TÜM DÜNYA SORUMLUDUR
Almanya Savunma Bakanı Annegret Kramp Karrenbauer’in Suriye’nin kuzeyinde uluslararası güvenli bölge önerisinin hatırlatılması üzerine Stoltenberg, öneriyi memnuniyetle karşıladığını ancak bu konuda tüm dünya ülkelerinin Suriye’deki şiddetin sona ermesi için sorumluluğu bulunduğuna dikkati çekti. Suriye’ye asker gönderme kararı almanın kolay olmadığını vurgulayan Stoltenberg söz konusu önerinin uygulanabilir olduğunu söylemek için erken olduğunu kaydetti. Jens Stoltenberg NATO’nun üye ülkelerin düşüncelerini açıkça ve paylaştığı bir forum olduğunu da belirtti.

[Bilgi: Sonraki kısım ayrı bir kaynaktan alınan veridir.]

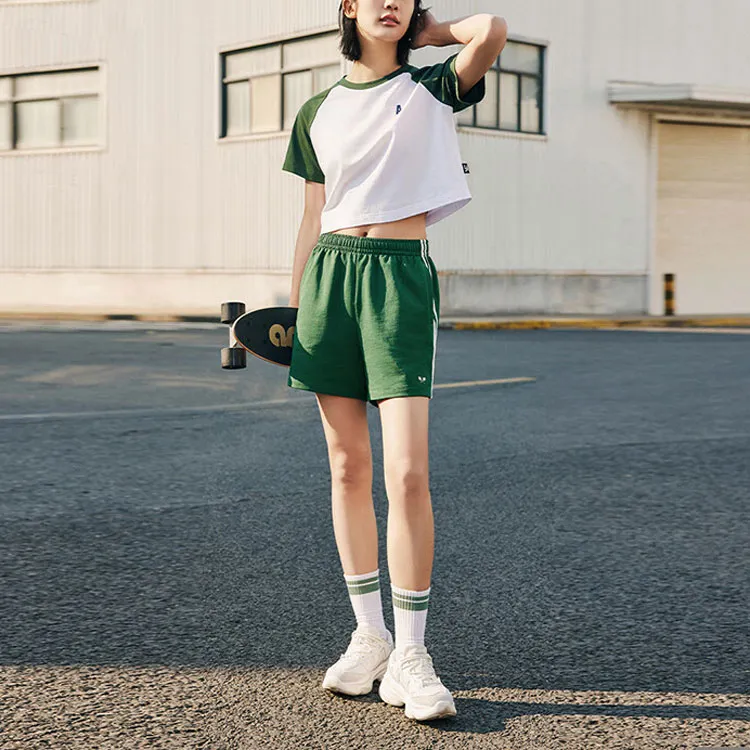 Anta Life Collection Raglan Sleeve T Shirt Women's Pure White/Wand Green-2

NATO, ÜYESİNE KARŞI HAREKETE GEÇMEZ
NATO’nun değerler ittifakı olarak demokrasi, hukuk devleti ve insan hakları konusunda yükümlülüğü olduğunu vurgulayan Stoltenberg, ancak AB’den farklı olarak askeri ittifakın üye ülkelerden birine karşı harekete geçme gibi bir mekanizmasının olmadığını belirtti.

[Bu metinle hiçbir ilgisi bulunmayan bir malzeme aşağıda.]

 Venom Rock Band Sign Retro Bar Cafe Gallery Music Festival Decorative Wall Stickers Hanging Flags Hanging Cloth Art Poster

BAĞDADİ’Yİ YENİDEN ‘CANLANDIRABİLİRLER’
ABD Başkanı Donald Trump, geçtiğimiz hafta Suriye’de düzenlenen operasyonda terör örgütü DEAŞ’ın elebaşı Ebubekir el-Bağdadi’nin ölü ele geçirildiğini açıklamıştı. Uzmanlardan ise terör örgütü elebaşıyla ilgili hayati derecede bir uyarı geldi. Video doğrulama uzmanı Shamir Allibhai, DEAŞ militanlarının eski liderleri Bağdadi’yi ‘ölümden döndürebileceklerini’ bunu da ‘deepfake’ teknolojisi kullanarak yapabileceklerini belirtti. Allibhai, bunun ABD halkının şaşırıp Trump’ı sorgulamasına, ordunun kendi istihbaratı konusunda şüphe duymasına neden olabileceği konusunda uyardı. Deepfake teknolojisi endişe verici bir oranda gelişmeye devam ediyor ve 2020 ABD seçimlerine zarar vereceğinden korkuluyor. Obama gibi siyasetçilere de uygulanan ‘deepfake’ ile herhangi birinin fotoğrafı başka birinin vücuduna monte edilip istendiği gibi kontrol edilebiliyor.